Top BYU men’s tennis player Sean Hill faced a serious dilemma at the beginning of 2018 — his left wrist grew weak with tendonitis, and then his right wrist followed suit. It took him nine months of recovery before he could play to the best of his ability.
Hill said while the physical obstacle affected his performance, in the end, it was the mental barrier he had to overcome that affected his game more than his disadvantaged wrists.
“I feel like it’s underestimated, the mental aspect of the game,” Hill said.
Hill is not the first one to recognize the importance of a strong mentality.
As early as the first Olympics in 776 B.C., athletes have correlated training both their bodies and minds for the largest physical competition in the world. In order to perform at the arduous level required, the contestants understood the need to be in balance with both their minds and bodies to be considered a laudable competition.
BYU sports psychologist and human performance consultant Craig Manning agrees with the idea that great performance requires a strong mentality, but takes it a step further. He advises his various clients — BYU sports teams, the Milwaukee Bucks and more — to look beyond upholding a positive mentality in adversity and instead focus on learning how to endure through hardship with a new mental tactic: proactive thinking.
While Manning was an excellent athlete in the late 1980s, he said when it came time for a competition, he would get in the way of himself and not meet his expectations.
“If I look back, I was mentally weak in a sense. I wasn’t really in control of my mind. I was such a deep thinker; I was always overthinking everything,” Manning said.

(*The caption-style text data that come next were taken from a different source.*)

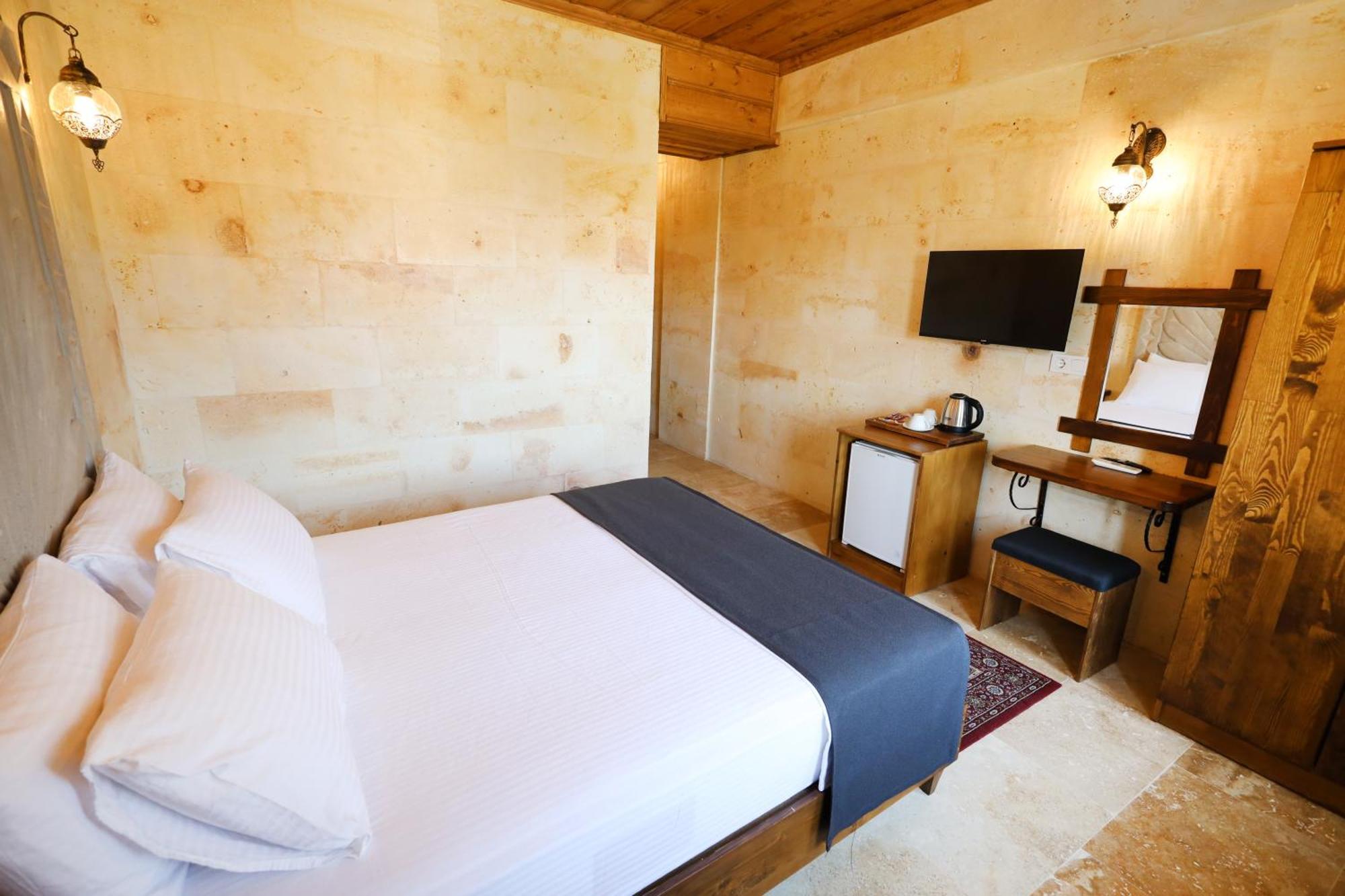 Rocca Stone House Hotel Goreme Exterior foto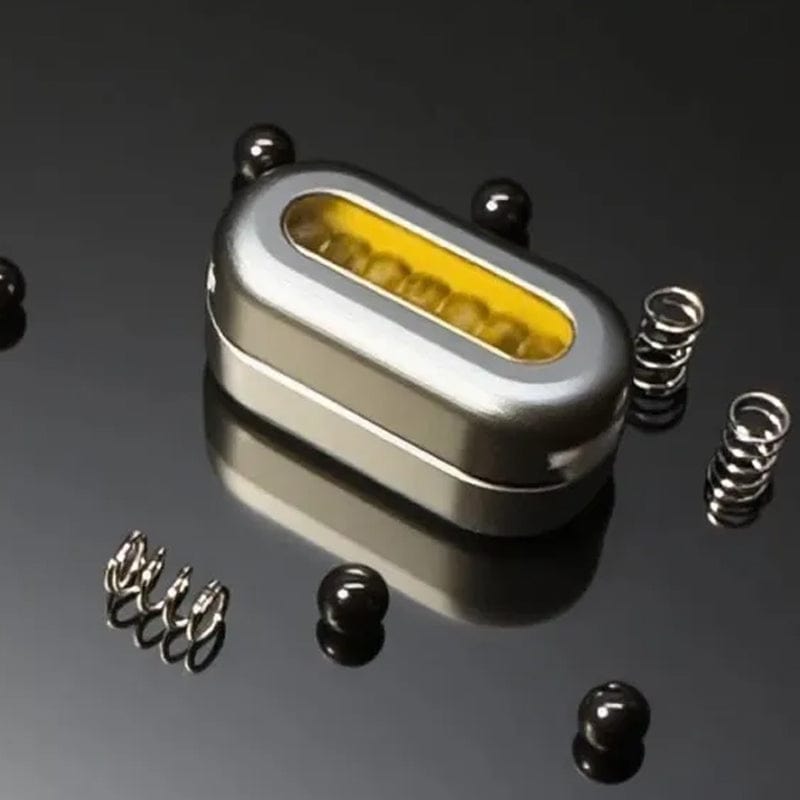 ZZ EDC 只禁优惠代码 Bean Z Stainless Steel+PEI (ships in 30 days)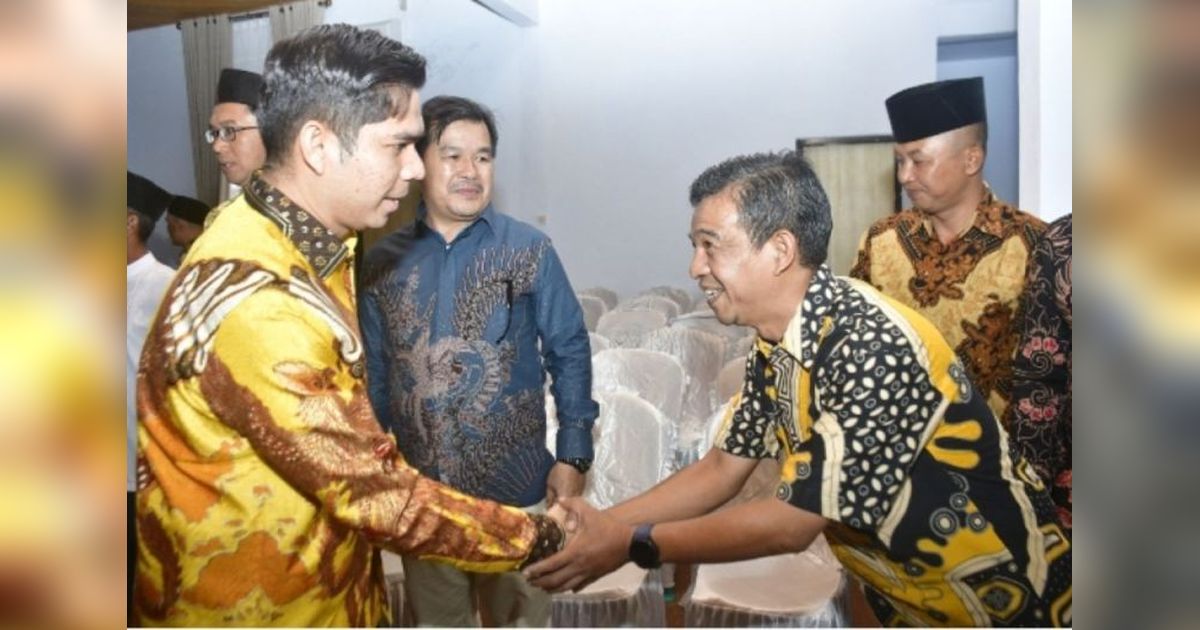 Plt Bupati Hendri Praja Dorong Profesionalisme ASN Rejang Lebong untuk Pelayanan Publik Optimal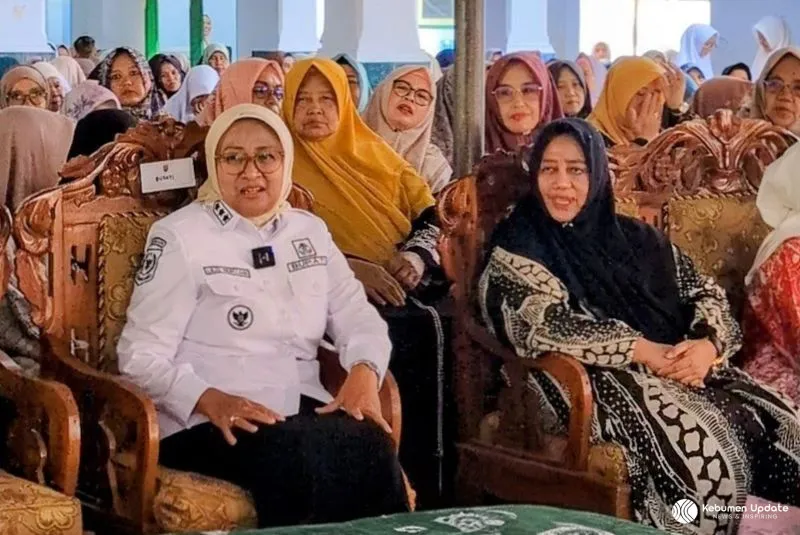 Haul Masyayikh ke-62 PP Salafiyah Wonoyoso, Bupati Kebumen Ajak Teladani Perjuangan KH Ahmad Nashoha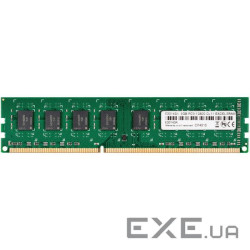 Модуль пам'яті для комп'ютера eXceleram DDR3 8GB 1600 MHz (E30143A)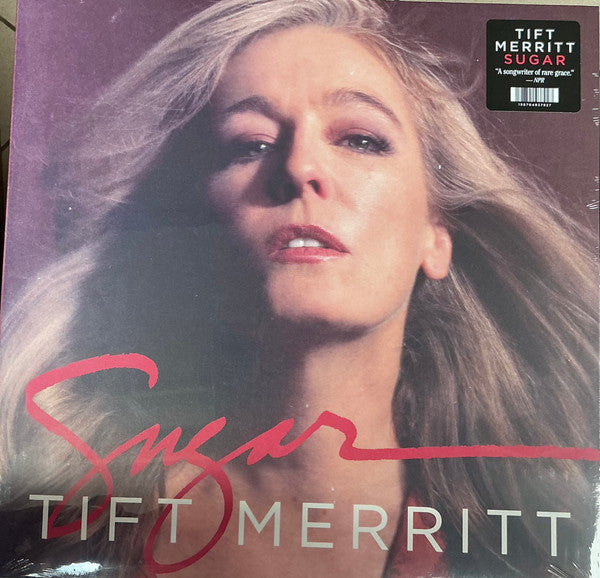 Tift Merritt - Sugar (LP, Album)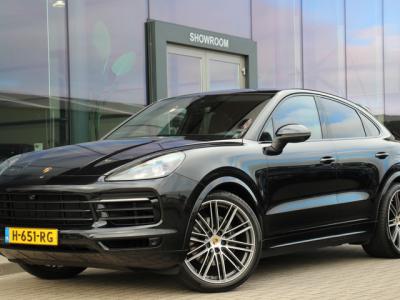 Financial Leas Porsche Cayenne Coupé 3.0 E-Hybrid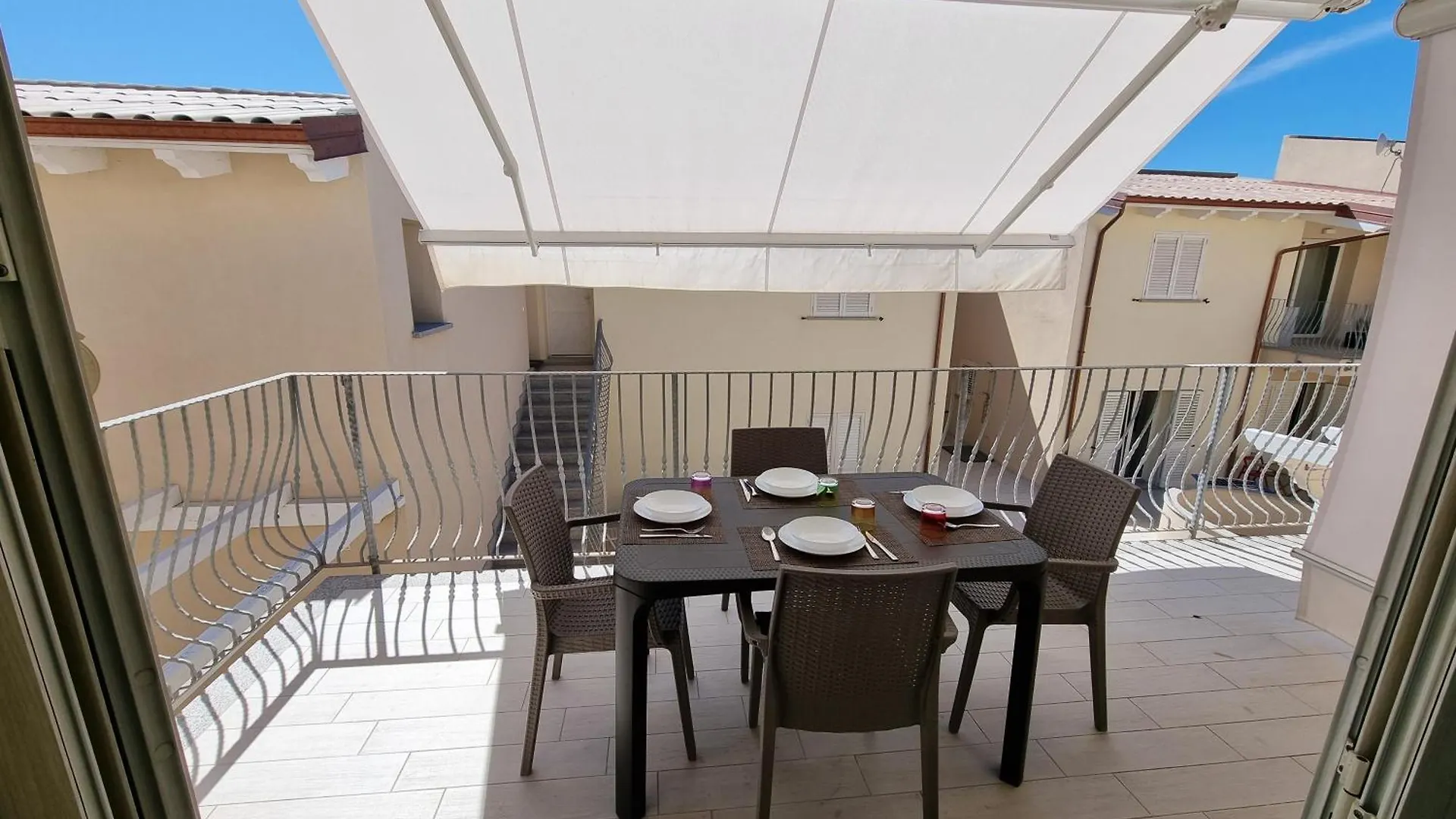 Residence La Marina 罗萨岛 公寓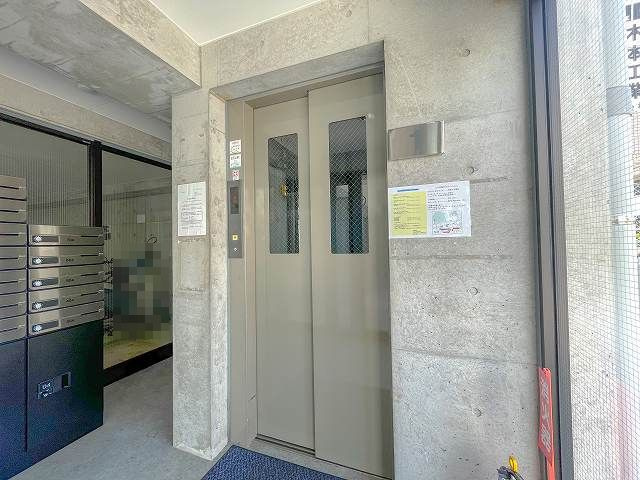 グランコート鷹匠町のその他共用部分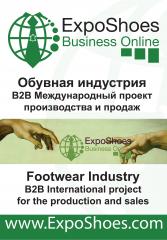 Debutto ExpoShoes Online Business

After his professional tennis career, Manning went on to receive his bachelor’s and master’s degrees in psychology, as well as earning his doctorate in sports psychology. He said his desire to obtain a further education came from his fascination for understanding the secret to an athlete’s success and that it was during this time that his passion for understanding the physical effects of the internal thoughts in an athlete evolved.
With enhanced technology and better knowledge of the complex human brain, Manning found the difference between mediocre athletes and great athletes, and said it has little to do with maintaining a positive state of mind through the process.
Manning said while he practiced under this type of thinking, fallacious optimism is actually the downfall of most athletes, as the body and mind undergo cognitive dissonance or a contradiction within the mind that causes chaos and mental discomfort.
The past belief of neglecting feelings such as panic, stress or disappointment, Manning said, seemed to be harming players, rather than helping them.
“When you lie to yourself, your mind is kind of searching for answers in the moment and creating stress. Instead of being positive, we want to be proactive,” Manning said.
He added that a proactive mindset differs from positive thinking as it is actively engaged with the situation at hand and helps alleviate the stress factor by problem-solving and encountering a solution. Instead of allowing for a perpetuating “spiral of lies,” Manning said proactivity will help athletes fully move forward.
Former 1978-84 NBA player Jeff Judkins said he has seen a dramatic increase in the emphasis of a strong mentality within the athletic field. While the mental aspect of the game was rarely talked about during his time as a professional athlete, Judkins is convinced that the illumination of the subject is a “very, very positive thing.”
As the current head women’s basketball coach at BYU, Judkins said identifying mental obstacles before the season begins helps promote confidence within the players and gives them the resources to help maintain a strong mental game.
Judkins said before the 2019-20 season, each of the women on the basketball team met with their team psychologist to talk about the potential stressors that weigh heavily on an athlete’s mind. While the topic affecting them may be sports-related (such as an injury or lack of confidence during a game) this could also include academic struggles, relationship conflicts or lack of emotional support.
These in-depth conversations with a psychologist present an opportunity for the athletes to create a proactive approach to their personal mental barrier.
With new data confirming the essential part a strong mentality holds in athletic performances, Judkins said he can foresee a greater need for psychologists in a more intimate manner.
“When I came to BYU, there was one sports psychologist and he was part-time,” Judkins said. “Now there’s three full-time, and I think this generation is more into talking about the mental part of the game.”
Judkins said while we are still in the premature stages of fully understanding the capability the mental game can have on an athlete’s performance, he believes there will soon be a need to have a coach with a background in psychology that is regularly with the team. The coach’s primary responsibility would be to help the teammates retain a proactive state of mind.
“I didn’t go to school to learn it, and so as a coach, I have to push that off to somebody else,” Judkins said. “Like I didn’t go into weights, I didn’t go into training, so now it’s becoming another coach that can help the athletes out.”